International Financial Reporting Standards (IFRS) contain an echo of Limperg's views. IAS 16 Property, plant and equipment allows a choice between measurement at cost and at fair value. If the fair value option is chosen, value increases are not recognized as profit, and depreciation expense is calculated based on the revalued amount. The value increases recognized in equity outside profit or loss are not recognized as profit when realized.

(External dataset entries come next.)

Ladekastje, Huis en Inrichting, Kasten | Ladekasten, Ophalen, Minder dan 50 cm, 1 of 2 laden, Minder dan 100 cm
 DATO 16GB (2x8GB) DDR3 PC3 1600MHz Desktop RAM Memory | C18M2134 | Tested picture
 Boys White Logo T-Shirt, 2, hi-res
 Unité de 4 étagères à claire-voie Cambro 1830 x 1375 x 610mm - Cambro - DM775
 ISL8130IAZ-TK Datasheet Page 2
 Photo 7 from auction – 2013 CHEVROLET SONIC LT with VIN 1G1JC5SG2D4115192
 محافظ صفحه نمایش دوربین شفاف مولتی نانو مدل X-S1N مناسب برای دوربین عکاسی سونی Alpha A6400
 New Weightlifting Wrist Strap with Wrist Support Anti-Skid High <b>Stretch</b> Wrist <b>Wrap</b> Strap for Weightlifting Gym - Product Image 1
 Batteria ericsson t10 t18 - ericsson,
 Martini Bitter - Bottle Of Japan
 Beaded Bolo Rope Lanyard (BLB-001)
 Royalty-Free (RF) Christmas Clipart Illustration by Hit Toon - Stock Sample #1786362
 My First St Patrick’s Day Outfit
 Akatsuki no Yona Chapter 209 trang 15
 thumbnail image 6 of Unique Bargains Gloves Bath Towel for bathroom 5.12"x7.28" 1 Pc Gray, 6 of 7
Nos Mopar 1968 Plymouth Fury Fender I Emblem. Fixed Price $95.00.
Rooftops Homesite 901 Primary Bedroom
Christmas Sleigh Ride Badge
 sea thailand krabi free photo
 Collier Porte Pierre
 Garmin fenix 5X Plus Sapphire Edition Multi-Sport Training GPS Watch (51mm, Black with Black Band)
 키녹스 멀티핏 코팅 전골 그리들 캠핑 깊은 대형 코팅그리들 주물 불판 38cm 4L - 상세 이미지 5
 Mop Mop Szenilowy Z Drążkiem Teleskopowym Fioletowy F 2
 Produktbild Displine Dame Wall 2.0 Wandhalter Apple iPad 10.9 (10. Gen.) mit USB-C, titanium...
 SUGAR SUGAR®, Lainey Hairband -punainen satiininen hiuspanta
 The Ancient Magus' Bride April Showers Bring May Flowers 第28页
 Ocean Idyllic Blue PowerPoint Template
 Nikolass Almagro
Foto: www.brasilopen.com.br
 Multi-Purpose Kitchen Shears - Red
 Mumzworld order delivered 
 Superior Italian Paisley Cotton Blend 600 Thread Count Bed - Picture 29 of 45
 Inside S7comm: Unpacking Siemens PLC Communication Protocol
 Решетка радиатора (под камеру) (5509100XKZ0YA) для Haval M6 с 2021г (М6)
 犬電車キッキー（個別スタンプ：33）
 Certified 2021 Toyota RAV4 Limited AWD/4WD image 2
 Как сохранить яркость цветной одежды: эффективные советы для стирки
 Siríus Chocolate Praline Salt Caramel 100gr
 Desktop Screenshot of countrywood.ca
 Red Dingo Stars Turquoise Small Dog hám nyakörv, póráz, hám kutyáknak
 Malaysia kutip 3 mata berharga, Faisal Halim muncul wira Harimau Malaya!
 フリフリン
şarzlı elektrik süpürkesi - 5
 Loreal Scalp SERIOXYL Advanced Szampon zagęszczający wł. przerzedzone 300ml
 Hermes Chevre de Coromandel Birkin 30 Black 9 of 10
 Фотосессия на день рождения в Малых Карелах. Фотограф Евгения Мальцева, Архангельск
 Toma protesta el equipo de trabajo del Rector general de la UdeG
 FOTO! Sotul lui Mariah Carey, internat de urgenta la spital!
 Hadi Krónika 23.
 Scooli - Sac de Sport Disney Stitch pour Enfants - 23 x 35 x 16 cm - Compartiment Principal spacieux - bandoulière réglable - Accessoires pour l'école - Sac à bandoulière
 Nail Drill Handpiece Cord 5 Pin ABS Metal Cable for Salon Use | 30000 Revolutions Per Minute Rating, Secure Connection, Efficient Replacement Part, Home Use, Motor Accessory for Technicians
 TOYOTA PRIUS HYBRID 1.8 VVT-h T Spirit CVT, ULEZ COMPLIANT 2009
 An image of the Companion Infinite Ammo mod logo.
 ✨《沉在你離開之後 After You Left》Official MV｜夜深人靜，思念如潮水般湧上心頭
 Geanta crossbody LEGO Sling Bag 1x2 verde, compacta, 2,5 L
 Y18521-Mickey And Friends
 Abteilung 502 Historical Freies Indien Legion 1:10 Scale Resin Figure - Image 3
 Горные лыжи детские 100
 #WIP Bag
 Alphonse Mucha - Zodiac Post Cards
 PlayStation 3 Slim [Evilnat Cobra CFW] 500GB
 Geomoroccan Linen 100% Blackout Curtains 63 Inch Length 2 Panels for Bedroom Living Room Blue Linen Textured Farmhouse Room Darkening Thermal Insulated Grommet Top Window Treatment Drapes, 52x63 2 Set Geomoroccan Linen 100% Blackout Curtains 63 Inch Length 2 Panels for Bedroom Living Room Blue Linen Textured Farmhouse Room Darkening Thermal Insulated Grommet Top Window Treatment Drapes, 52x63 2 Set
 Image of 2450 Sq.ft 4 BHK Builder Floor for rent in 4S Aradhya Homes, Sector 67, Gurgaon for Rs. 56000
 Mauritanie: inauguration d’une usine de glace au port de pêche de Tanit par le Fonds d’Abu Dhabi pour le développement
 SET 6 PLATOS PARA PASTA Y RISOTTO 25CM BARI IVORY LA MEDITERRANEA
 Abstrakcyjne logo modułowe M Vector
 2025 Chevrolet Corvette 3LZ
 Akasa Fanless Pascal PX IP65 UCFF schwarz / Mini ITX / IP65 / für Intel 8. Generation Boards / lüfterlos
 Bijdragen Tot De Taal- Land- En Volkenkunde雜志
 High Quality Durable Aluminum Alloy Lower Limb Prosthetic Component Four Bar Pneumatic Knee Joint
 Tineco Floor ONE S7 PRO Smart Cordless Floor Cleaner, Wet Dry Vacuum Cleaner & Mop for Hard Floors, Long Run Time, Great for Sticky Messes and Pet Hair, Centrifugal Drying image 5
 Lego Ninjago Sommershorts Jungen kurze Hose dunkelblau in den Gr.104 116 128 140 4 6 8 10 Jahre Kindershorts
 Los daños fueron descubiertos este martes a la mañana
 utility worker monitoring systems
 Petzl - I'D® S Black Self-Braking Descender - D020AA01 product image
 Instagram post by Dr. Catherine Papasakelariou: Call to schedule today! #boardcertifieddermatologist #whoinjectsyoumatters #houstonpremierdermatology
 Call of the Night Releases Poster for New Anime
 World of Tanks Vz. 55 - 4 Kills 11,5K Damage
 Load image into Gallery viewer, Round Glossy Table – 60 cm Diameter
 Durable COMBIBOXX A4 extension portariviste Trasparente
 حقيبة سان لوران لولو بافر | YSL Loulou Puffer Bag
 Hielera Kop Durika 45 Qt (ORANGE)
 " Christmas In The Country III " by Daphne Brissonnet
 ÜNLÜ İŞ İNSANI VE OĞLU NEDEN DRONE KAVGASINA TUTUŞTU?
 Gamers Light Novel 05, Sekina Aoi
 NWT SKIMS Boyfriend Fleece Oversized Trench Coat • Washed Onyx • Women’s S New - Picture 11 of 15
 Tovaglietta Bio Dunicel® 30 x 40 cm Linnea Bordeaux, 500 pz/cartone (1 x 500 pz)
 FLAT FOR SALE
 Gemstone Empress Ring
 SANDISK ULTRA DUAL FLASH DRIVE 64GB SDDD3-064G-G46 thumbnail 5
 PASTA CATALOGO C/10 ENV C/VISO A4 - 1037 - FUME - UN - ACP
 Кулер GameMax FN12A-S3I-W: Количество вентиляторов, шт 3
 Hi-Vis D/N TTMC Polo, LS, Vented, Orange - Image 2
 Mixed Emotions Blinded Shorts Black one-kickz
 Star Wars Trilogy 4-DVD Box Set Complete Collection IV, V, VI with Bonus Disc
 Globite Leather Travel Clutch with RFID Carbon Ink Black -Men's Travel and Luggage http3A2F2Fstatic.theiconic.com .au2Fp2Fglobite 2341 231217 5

=== Notable students of Limperg ===
Some of the most noted students of Limperg.
- Abraham Mey (1890-1971), professor at the University of Amsterdam
- Salomon Kleerekoper (1893-1970), professor at the University of Amsterdam
- Henri Johan van der Schroeff (1900-1974), professor at the University of Amsterdam
- Jacob Louis Mey (1900-1966), professor at University of Groningen until 1964 and then Technische Universiteit Delft
- Jacobus Franciscus Haccoû (1903-1972), professor at the University of Amsterdam
- Louis Jacques Zimmerman (1913-1998), professor at the University of Amsterdam
- Joop Klant (1915-1994), professor at the University of Amsterdam, also a prose writer
- Gerard Leonard Groeneveld (1904-1989), professor at the Catholic University Tilburg, delivered the collected works of Limperg
Because many proponents of Limperg's theories taught at the University of Amsterdam (like Limperg himself), they are often called the "Amsterdam School" of accountancy.

=== Political views ===
Limperg can be seen in many ways as a social democrat. He didn't emphasize his political views too much, to uphold his position as scientist, but he was politically engaged. In November 1938 he co-authored with fourteen others (among them the later Minister of Finance Piet Lieftinck), an open letter to the government regarding the policy of public finance. The manifesto opposed the conservative politics promoted by the direct advisers to the government, and called for a more active economic policy. Limperg also espoused the Plan van de Arbeid (Labor Plan), a plan to combat the economical crisis, drawn up by Hein Vos and Jan Tinbergen in the early thirties.

After the Second World War Limperg took a seat in the Board of Trustees of the scientific department of the Nederlands Verbond van Vakverenigingen (Dutch Trade Union Confederation).

== Recognition ==
The work of Limperg received much acknowledgements. In 1935 he was appointed honorary president of the Comité International de l'Organisation Scientifique. The Netherlands School of Commerce (now Erasmus University Rotterdam) awarded him an honorary doctorate in 1947. In 1950 he received the Wallace Clark Medal for his international contribution to scientific management.

The Dutch inter-university institute for accountancy bears his name: Limperg Institute. This institute, in which five universities and the Nederlandse Beroepsorganisatie van Accountants (NBA), the Dutch association of auditors, cooperate, coordinates the Dutch postgraduate accountancy courses. The Institute organizes the annual Limperg Day, where the Limperg Medal is awarded to an individual, who has made a significant contribution to scientific research in the fields of accounting and auditing.